Anyone already trying to divine which documentary will win the 2017 Oscar might be convinced by the last decade of honorees that it requires, at a minimum, profiling a celebrity or musician. Dawson City: Frozen Time doesn't exactly have either, although it does feature a colorful cast of characters whose fortunes (and misfortunes) come to light after a bulldozer uncovers 533 nitrate prints in the crater of a former Yukon swimming pool during the 1970s. Playing as part of MoMA's annual Academy Awards "Contenders" series, Dawson City relies nearly entirely on that found footage and minimal dialogue. Director Bill Morrison's technique lets the gold rush boomtown—the last stop on the North American circuit for nitrate films—tell its own story.
What Dawson City might lack in obvious star power, though, it potentially makes up in its almost religious reverence for the physical medium of film—always a good angle with Academy voters. Playing at MoMA on 35mm, the experience might pale in comparison to what it must have been like to watch the silver sparkle of nitrate after it was painstakingly recovered and restored, but even the flicker of safety film in a crowded Manhattan theater will edge viewers closer to that initial thrill. Additionally, as the cinematic arts continue their steady march towards all things digital and VR, the curl of half-degraded reels pulled from permafrost—a discovery that, in turn, was captured on film in the 1970s — might even spark momentary despair that such a find of "digital cinema packages" will not be made at some point in the distant future.

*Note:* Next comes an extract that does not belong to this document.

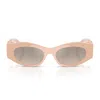 Versace 0ve4480u Medusa Biggie 54946i Nude Sunglasses In Neutral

The rare nitrate footage in Dawson City will excite any diehard cinephile — one of the most exceptional discoveries is footage from the 1919 World Series — but even casual moviegoers will find themselves invested in the boom and bust of what was truly once the wild, wild west. While much of what audiences see of the actual town of Dawson City comes from fictional films, it is a charming reminder of how much of life is art, and vice versa. While there might be bigger and flashier names in documentaries competing for the 2017 Oscar, none will have quite the unexpected molten shimmer as Dawson City.